"Why does this movie work? Location, location, location."
If Gavin Hood’s Oscar-winning film “Tsotsi” were set in suburban America and featured name actors, audiences would find it unbearably sentimental and clichéd. But by placing the tale in contemporary Soweto and Johannesburg, South Africa, Hood imbues the film with a sense of authenticity that makes the movie seem more moving than manipulative.In fact, the novel by Athol Fugard that Hood has adapted for the film dates back to 1960. Somehow, Hood and his cast make the story relevant and even urgent.
The title character (played with astonishing skill by relative novice Presley Chweneyagae) easily lives up to his moniker, which means thug or gangster in Zulu. In a single evening, he does nothing when his aptly named pal Butcher (Zenzo Ngqobe) stabs a fellow they’ve been mugging to death.

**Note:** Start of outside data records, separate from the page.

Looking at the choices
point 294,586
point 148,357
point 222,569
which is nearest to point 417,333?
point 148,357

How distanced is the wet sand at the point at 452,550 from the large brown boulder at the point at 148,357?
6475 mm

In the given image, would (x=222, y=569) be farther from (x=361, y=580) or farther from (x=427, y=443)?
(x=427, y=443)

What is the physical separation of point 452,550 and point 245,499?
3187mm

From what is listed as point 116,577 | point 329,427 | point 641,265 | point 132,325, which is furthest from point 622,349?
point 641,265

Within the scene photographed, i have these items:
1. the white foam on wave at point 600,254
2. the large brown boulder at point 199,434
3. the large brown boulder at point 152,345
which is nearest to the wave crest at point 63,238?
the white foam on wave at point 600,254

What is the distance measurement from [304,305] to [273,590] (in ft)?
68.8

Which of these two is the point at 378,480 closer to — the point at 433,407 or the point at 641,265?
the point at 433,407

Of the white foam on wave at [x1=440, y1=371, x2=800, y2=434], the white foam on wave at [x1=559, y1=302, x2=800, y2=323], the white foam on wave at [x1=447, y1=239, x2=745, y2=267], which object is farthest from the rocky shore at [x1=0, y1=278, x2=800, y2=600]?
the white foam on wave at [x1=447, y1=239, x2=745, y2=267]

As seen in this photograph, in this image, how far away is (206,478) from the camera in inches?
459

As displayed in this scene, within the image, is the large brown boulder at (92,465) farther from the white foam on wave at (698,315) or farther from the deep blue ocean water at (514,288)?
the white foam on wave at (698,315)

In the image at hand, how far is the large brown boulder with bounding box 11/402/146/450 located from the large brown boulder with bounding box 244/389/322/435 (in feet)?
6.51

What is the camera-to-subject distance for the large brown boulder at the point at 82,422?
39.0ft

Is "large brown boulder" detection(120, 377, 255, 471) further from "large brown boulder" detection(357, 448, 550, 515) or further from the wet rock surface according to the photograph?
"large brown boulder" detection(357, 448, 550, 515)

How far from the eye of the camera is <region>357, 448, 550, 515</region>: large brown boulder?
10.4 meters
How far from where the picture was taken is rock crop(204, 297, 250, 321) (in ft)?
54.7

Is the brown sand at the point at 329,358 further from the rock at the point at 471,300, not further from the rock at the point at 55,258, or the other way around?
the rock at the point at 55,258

Tsotsi later beats his partner in crime named Boston (Mothusi Magano) so badly that the latter may be scarred for life.
Whereas most gangsters might end their evening at that point, Tsotsi wanders into a suburb of Johannesburg and steals a wealthy woman’s car and shoots her as she gets away.

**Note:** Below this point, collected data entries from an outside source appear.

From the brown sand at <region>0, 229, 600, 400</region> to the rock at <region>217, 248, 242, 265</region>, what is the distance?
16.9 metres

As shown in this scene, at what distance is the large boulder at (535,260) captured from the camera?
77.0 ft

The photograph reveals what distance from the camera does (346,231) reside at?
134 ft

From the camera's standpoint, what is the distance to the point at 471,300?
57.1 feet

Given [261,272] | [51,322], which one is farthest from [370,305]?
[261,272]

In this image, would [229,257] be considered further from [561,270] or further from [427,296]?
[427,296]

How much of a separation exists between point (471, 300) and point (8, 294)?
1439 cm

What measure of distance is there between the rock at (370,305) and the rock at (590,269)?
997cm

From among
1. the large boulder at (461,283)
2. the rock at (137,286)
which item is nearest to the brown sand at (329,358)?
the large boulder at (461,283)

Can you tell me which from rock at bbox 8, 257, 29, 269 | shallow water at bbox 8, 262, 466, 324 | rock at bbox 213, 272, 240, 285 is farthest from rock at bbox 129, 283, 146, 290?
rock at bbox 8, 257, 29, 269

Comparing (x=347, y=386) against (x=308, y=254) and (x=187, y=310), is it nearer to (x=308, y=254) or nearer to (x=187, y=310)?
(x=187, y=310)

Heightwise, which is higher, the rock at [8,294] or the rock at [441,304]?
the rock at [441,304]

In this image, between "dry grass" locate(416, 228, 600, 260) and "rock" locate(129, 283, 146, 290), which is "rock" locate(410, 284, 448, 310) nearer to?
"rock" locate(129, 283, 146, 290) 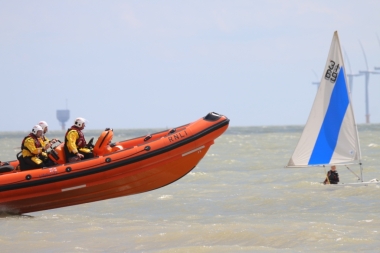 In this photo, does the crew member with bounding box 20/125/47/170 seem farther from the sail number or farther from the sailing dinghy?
the sail number

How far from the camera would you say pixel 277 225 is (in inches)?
408

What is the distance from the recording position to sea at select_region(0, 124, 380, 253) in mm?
9242

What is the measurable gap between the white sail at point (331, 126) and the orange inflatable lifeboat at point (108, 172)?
2648 mm

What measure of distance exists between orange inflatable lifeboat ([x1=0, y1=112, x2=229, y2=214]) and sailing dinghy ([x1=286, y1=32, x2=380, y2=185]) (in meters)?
2.64

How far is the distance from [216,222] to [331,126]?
4.21 metres

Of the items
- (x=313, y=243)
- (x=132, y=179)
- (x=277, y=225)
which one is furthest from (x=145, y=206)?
(x=313, y=243)

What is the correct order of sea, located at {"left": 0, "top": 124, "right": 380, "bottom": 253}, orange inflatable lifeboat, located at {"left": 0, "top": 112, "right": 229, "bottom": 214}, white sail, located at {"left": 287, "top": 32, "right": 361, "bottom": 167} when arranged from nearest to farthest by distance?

His spree comes to an abrupt end when he discovers the woman’s baby is still in the car’s back seat. From here, Tsotsi gradually develops a conscience and takes a difficult path toward resolving the situation. To keep the setup credible, Hood presents the bleak squalor of township life with an unflinching eye. He also wisely ends the tale on an ambiguous note. Tsotsi may be on a path away from wickedness, but his life and the lives of the others he encounters won’t get any easier.

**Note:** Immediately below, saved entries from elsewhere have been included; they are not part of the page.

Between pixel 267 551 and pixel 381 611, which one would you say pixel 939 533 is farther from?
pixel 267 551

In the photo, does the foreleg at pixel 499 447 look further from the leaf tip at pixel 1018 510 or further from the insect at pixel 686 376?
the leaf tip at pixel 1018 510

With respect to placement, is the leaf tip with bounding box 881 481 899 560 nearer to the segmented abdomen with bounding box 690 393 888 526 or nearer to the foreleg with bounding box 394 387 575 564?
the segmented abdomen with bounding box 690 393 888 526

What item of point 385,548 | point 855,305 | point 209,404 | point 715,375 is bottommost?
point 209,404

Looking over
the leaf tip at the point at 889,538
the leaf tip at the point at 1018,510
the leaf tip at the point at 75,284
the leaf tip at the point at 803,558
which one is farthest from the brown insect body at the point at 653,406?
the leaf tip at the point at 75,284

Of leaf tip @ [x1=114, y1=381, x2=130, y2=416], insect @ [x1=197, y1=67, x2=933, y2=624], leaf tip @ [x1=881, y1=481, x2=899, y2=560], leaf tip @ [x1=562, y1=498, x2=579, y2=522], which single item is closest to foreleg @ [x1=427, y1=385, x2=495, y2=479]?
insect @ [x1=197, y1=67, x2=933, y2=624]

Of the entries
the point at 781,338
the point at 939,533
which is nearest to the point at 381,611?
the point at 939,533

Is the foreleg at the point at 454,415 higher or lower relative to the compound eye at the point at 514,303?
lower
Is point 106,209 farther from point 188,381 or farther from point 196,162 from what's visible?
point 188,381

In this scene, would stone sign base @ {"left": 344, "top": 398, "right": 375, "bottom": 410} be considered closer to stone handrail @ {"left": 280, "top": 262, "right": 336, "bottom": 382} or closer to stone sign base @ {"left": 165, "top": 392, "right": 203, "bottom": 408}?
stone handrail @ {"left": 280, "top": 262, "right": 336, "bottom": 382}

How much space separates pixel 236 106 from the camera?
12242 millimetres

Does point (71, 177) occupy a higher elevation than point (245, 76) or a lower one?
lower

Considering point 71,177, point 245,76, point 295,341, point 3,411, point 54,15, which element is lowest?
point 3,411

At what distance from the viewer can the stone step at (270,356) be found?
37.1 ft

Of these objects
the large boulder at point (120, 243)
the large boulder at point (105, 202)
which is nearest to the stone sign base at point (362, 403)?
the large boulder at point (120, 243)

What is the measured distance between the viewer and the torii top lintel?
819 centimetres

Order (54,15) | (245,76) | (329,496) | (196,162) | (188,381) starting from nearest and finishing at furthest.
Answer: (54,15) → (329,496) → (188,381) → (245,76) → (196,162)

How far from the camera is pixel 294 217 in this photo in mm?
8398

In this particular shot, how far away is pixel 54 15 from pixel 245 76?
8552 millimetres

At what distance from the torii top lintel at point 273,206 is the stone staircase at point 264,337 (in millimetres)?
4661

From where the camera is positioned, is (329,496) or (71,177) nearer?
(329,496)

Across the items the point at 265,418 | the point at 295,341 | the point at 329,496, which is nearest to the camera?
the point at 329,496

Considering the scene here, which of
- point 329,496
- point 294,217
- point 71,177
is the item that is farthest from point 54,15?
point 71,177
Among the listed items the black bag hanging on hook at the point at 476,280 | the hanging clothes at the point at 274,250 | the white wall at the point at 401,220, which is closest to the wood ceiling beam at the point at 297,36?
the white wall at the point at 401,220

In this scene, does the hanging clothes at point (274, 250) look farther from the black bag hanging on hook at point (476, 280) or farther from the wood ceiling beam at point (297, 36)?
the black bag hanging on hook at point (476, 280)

The early sequences of “Tsotsi” present the violence in his world in brief but shocking detail. As a result, it’s easier to believe what happens later. Hood also creates a convincing back story that illustrates how Tsotsi could fall so easily.
Good acting doesn’t hurt either. Chweneyagae effortlessly moves from being a cold-eyed criminal to staring in wonder at the baby in front of him. Terry Pheto is terrific as a single mother whom Tsotsi recruits at gunpoint to help him take care of the child. She becomes a surrogate mother to both the baby and the gangster who abducted him.
Israel Makoe deserves special credit for convincingly playing what has to be one of the most sadistically terrifying fathers in screen history.The film also boasts a great soundtrack full of tunes that fit the action nicely, but the most admirable trait of “Tsotsi” is that its sentimental moments earn every emotion they are designed to elicit.